If the U.S. economy closely resembled any object, it’d probably be a broken traffic light.
That’s because the overall financial and economic system is flashing every color possible, from healthy green glows and yellow warning lights to heavy recession-red colors. With so many mixed signals, it isn’t exactly easy to tell just how strong any underlying momentum may be.
“Right now, economic growth is decent, but once you dig below the surface, things look a little bit more fragile,” says Scott Anderson, chief U.S. economist at San Francisco-based Bank of the West. “It’s a bifurcated expansion.
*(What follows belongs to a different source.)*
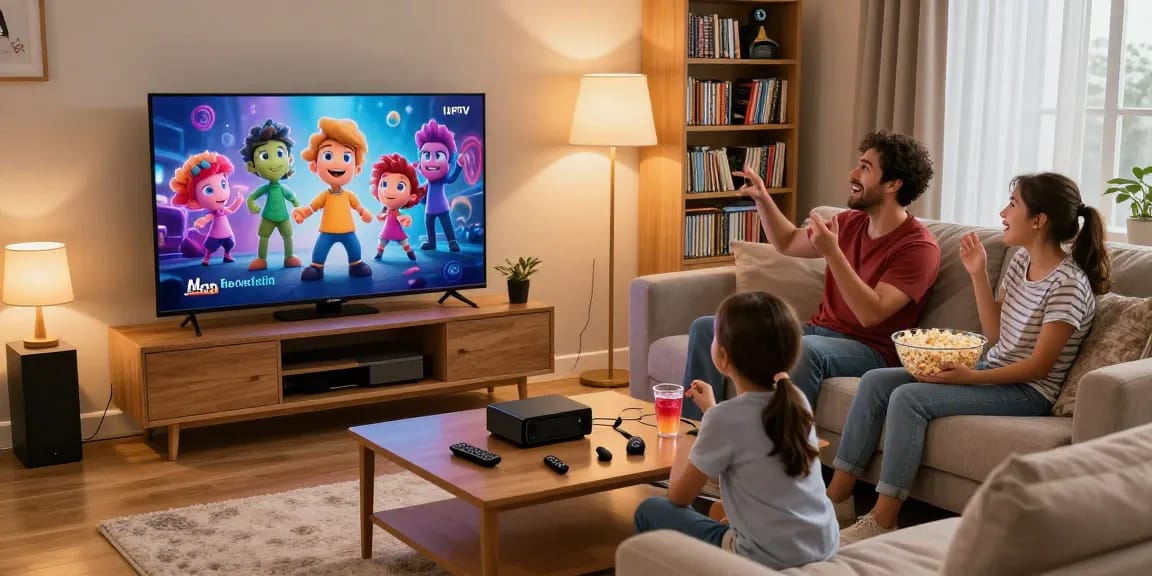 Família assistindo a um show de Iptv com alegria e conforto na sala de estar.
We’re really looking at a tale of two different realities.”
Here’s what’s happening in the U.S. economy right now based on five main tiers — as well as what’s making or breaking it.
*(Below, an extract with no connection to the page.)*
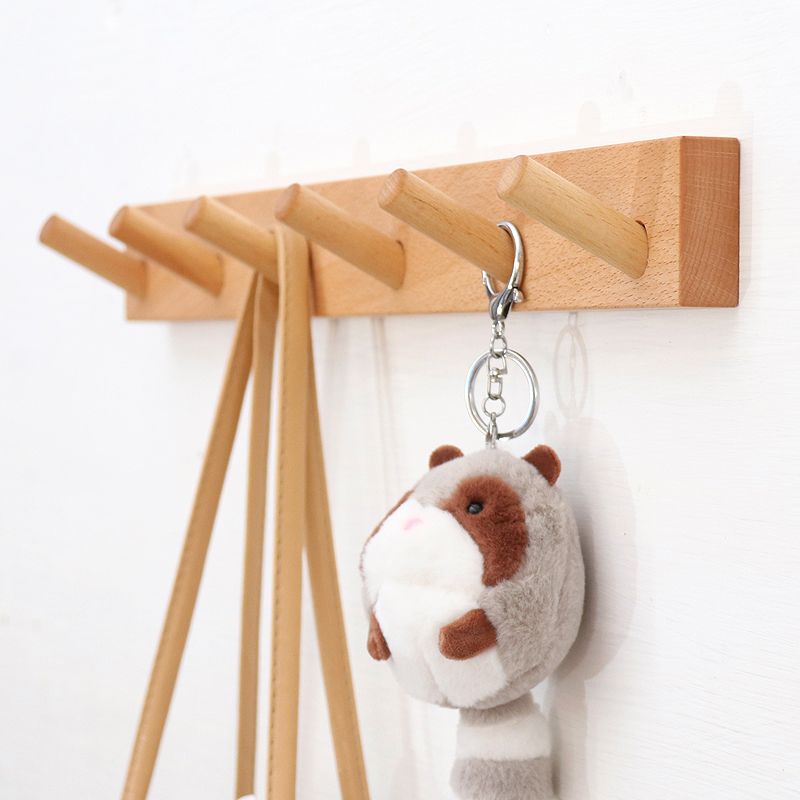 Modern Entryway Kit Wood Wall-Mounted with Hooks Coat Hanger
1. The U.S. job market is still on firm footing, but hiring has slowed
The job market has provided a comforting steadiness for those trying to spot check the health of the U.S. economy during such turbulent times. The unemployment rate is at 3.7 percent, the lowest since Dec. 1969, while employers have added positions for a record 107-straight months.
“It’s a labor market that continues to defy expectations of softening,” Anderson says.
But it’s evident that the pace of job creation is slowing. At this time last year, the U.S. economy had added nearly 1.87 million new positions. That total year has fallen by 32 percent this year, with employers creating about 1.27 million positions.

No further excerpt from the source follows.